§ **SOURCE DATA**:
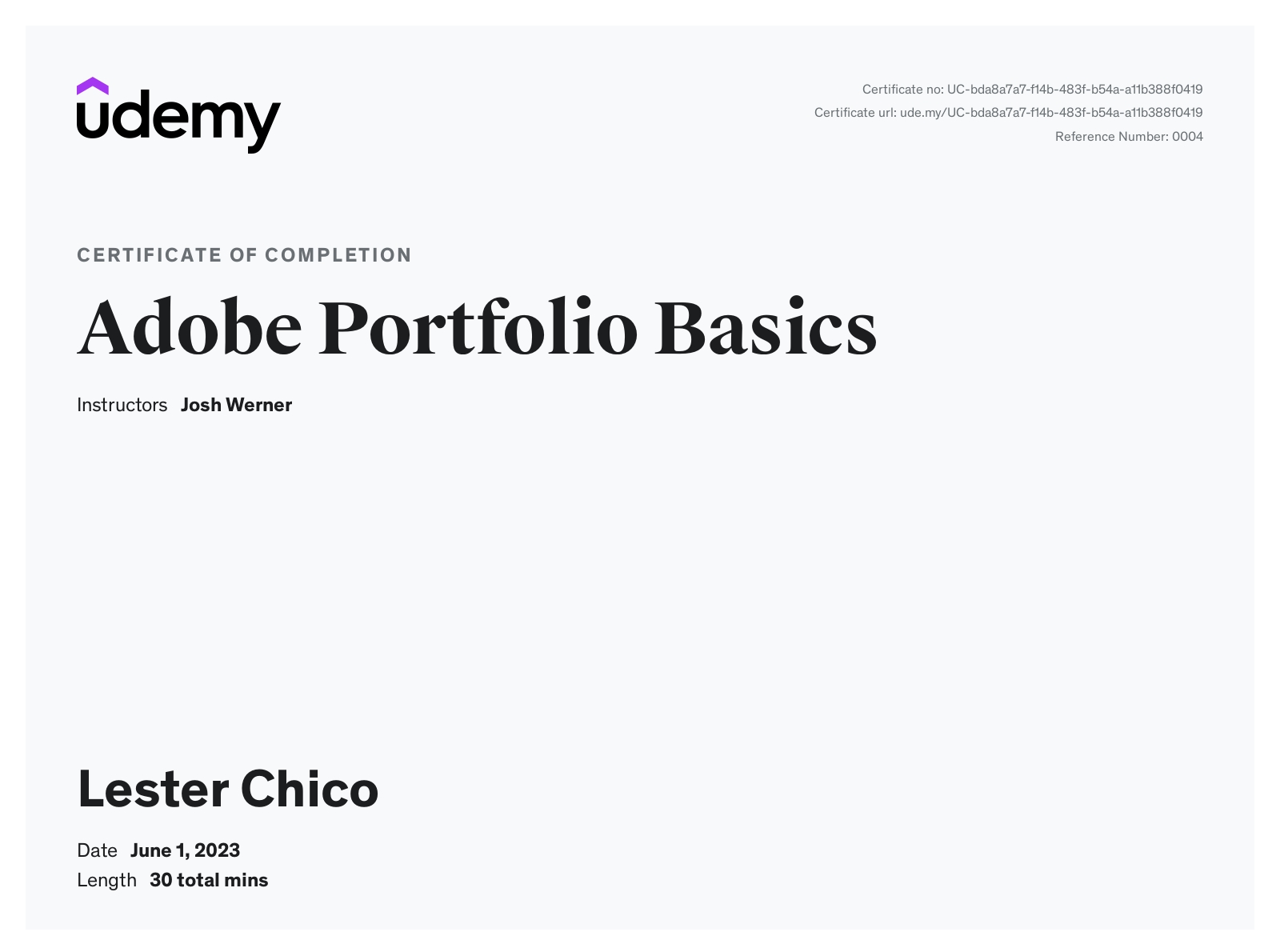 Adobe Portfolio Basics Certificate Preview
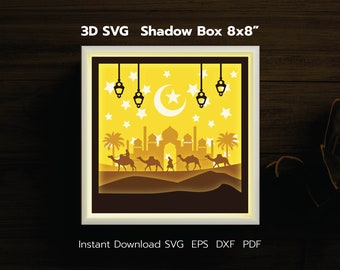 Bedouin Shadow Box Lightbox Template, Islam Desert Scene (Digital Download)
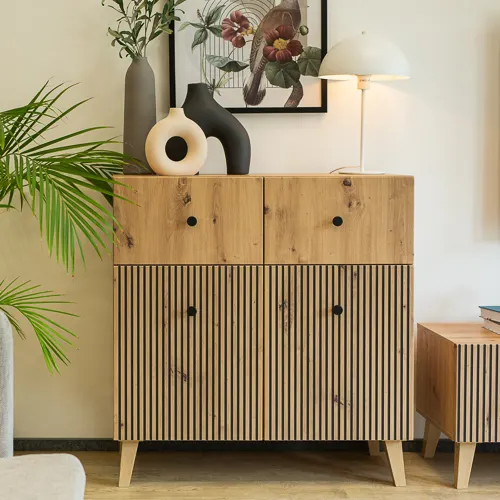 Komoda 2-drzwiowa z 2 szufladami BERLIN dąb artisan - INT_5003191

§ **WHAT TO DO**:
With the pictures set aside, return each line of the listing exactly as given.

§ **TASK RESPONSE**:
 Adobe Portfolio Basics Certificate Preview
 Bedouin Shadow Box Lightbox Template, Islam Desert Scene (Digital Download)
 Komoda 2-drzwiowa z 2 szufladami BERLIN dąb artisan - INT_5003191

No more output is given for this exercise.